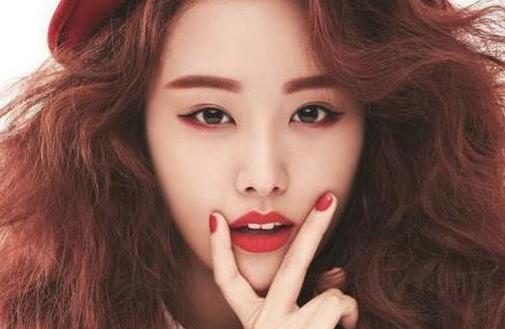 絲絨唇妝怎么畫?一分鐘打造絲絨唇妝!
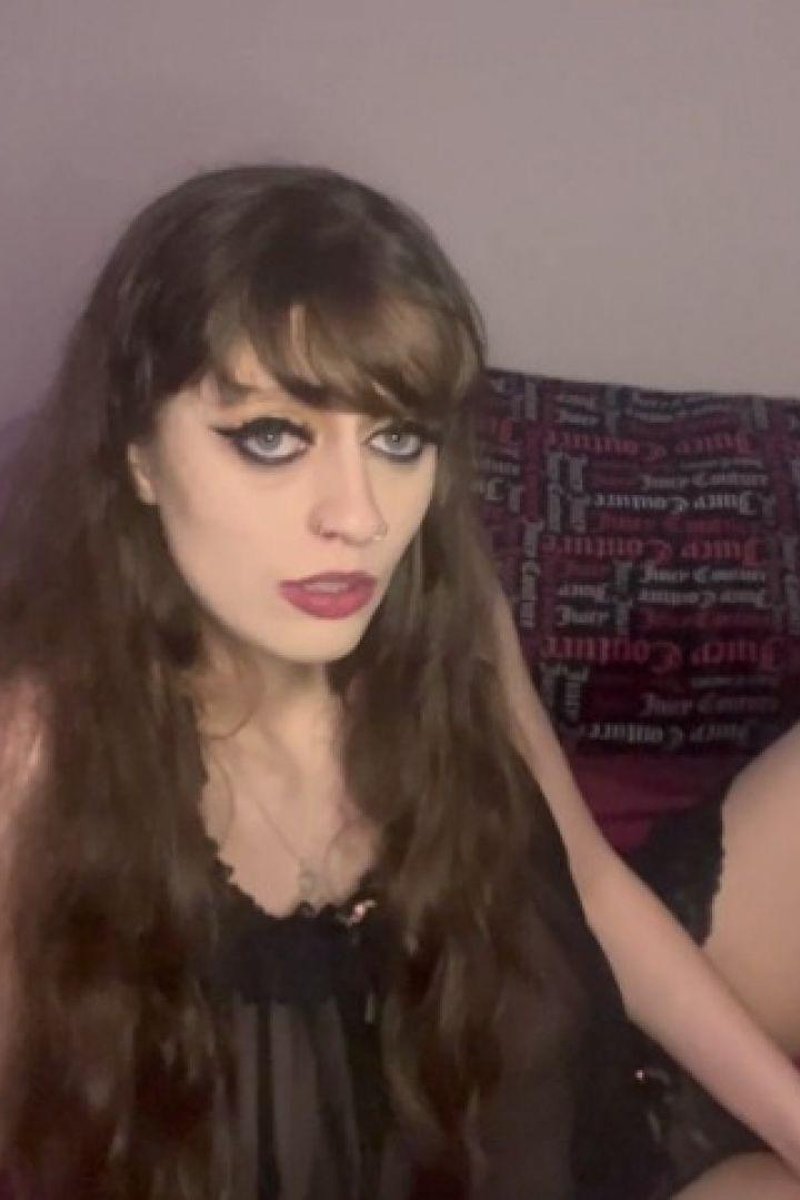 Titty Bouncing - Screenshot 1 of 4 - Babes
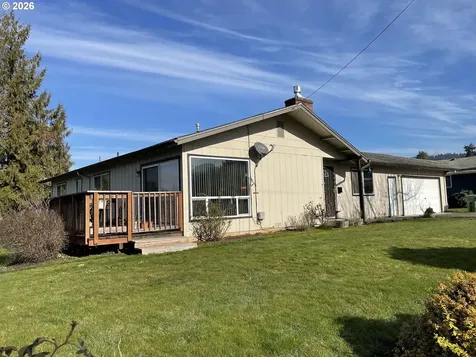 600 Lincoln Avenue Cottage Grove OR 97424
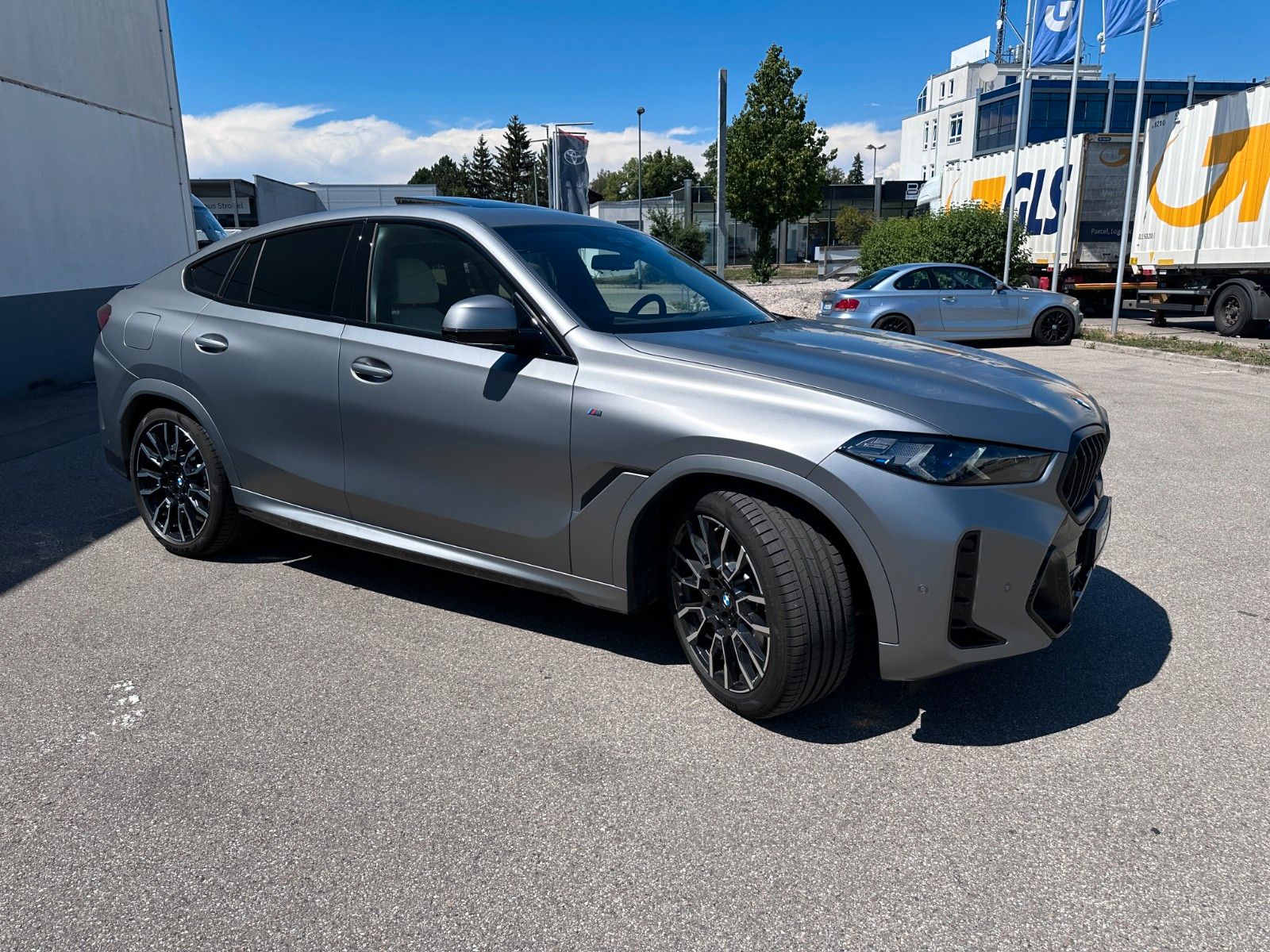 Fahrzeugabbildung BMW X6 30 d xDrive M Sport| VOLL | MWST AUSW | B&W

WORK TASK — Would you print all of the material exactly as written, minus the pictures?

RESPONSE FOR THIS EXERCISE —
 絲絨唇妝怎么畫?一分鐘打造絲絨唇妝!
 Titty Bouncing - Screenshot 1 of 4 - Babes
 600 Lincoln Avenue Cottage Grove OR 97424
 Fahrzeugabbildung BMW X6 30 d xDrive M Sport| VOLL | MWST AUSW | B&W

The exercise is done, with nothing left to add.